KWBC
- College Station, Texas; United States;
- Frequency: 1550 kHz
- Branding: Willy 1550 AM & 98.7 FM

Programming
- Format: Classic country
- Affiliations: Westwood One

Ownership
- Owner: Bryan Broadcasting License Corporation

History
- First air date: January 4, 1961; 65 years ago
- Call sign meaning: Whitten Broadcasting Company (original owners)

Technical information
- Licensing authority: FCC
- Facility ID: 40912
- Class: D
- Power: 1,500 watts (daytime); 45 watts (nighttime);
- Transmitter coordinates: 1550: 30°37′55″N 96°21′29″W﻿ / ﻿30.63194°N 96.35806°W; 98.7: 30°22′47″N 96°6′0.00″W﻿ / ﻿30.37972°N 96.1000000°W;
- Translators: K254DA (98.7 MHz, Navasota)

Links
- Public license information: Public file; LMS;
- Webcast: Listen Live
- Website: www.navasotanews.com

= KWBC =

KWBC (1550 AM, 98.7 FM; Willy 1550 & 98.7) is an American broadcast radio station, licensed to College Station, Texas and owned by Bryan Broadcasting License Corporation. It is an affiliate of the Texas State Network. The station's studios are located in College Station and its transmitter is in Bryan.

==History==
KWBC was initially proposed by J.G. and R.H. Whitten, under the corporate name of Whitten Broadcasting Company, Inc. of Navasota in December 1958. The facility was granted a construction permit on May 11, 1960 by the Federal Communications Commission to build a 250 watt daytime only broadcast transmission tower at the intersection of Taft St. and People St., operating at 1550 kilocycles, with a studio location at 116 Railroad St. in Navasota. The Whittens requested the callsign KWBC, standing for the Whitten Broadcasting Company. The callsign was granted by the Federal Communications Commission on May 26, 1960.

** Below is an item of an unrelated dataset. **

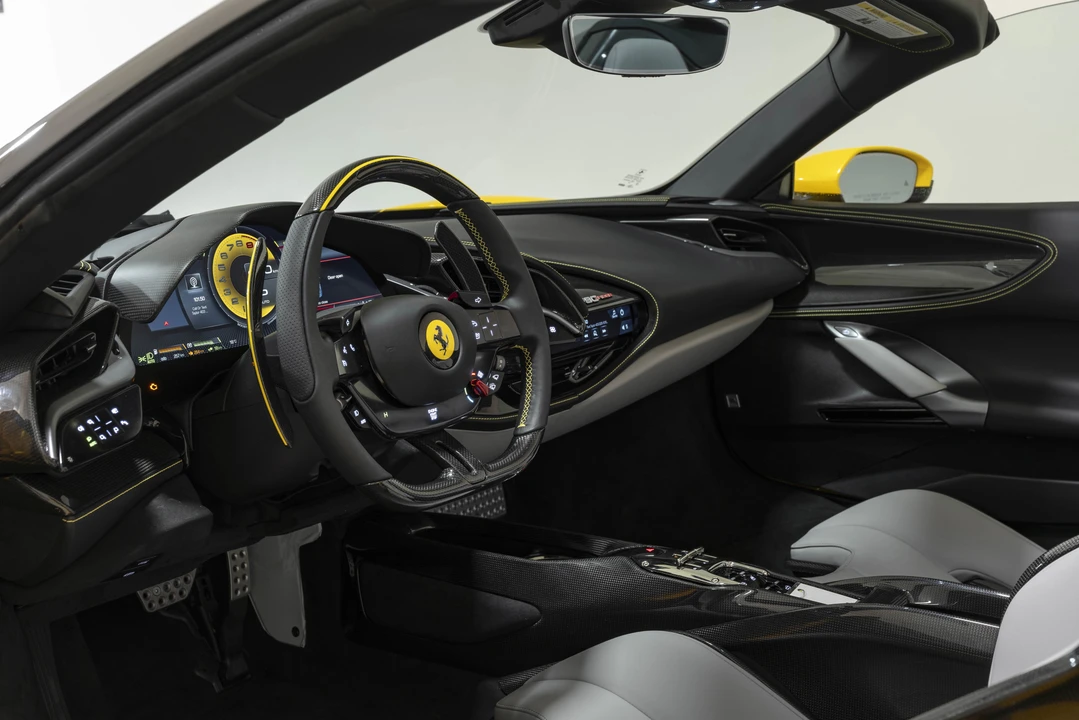 2023 Ferrari SF90 Spider - Image 24 of 31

The facility was constructed and received a License to Cover on January 4, 1961. Merl Saxon, of Lufkin, Texas, served as the engineer.

KWBC was purchased by Bryan Broadcasting Corporation on August 16, 2007. After nearly 50 years of operating in Navasota itself, KWBC was granted a Minor Modification to move the AM transmission site to Bryan-College Station on July 30, 2012. The facility was relocated north, licensed to College Station, but continued to focus the programming of KWBC for Navasota as "Navasota News 1550".

After the move north, KWBC's signal had some difficulty reaching the former Community of License during daytime hours, and was non-existent at night. This was rectified by constructing an FM translator for KWBC in Navasota itself, operating from the former AM tower site, as 98.7 K254DA. The Navasota licensed translator was granted a License to Cover on February 6, 2018.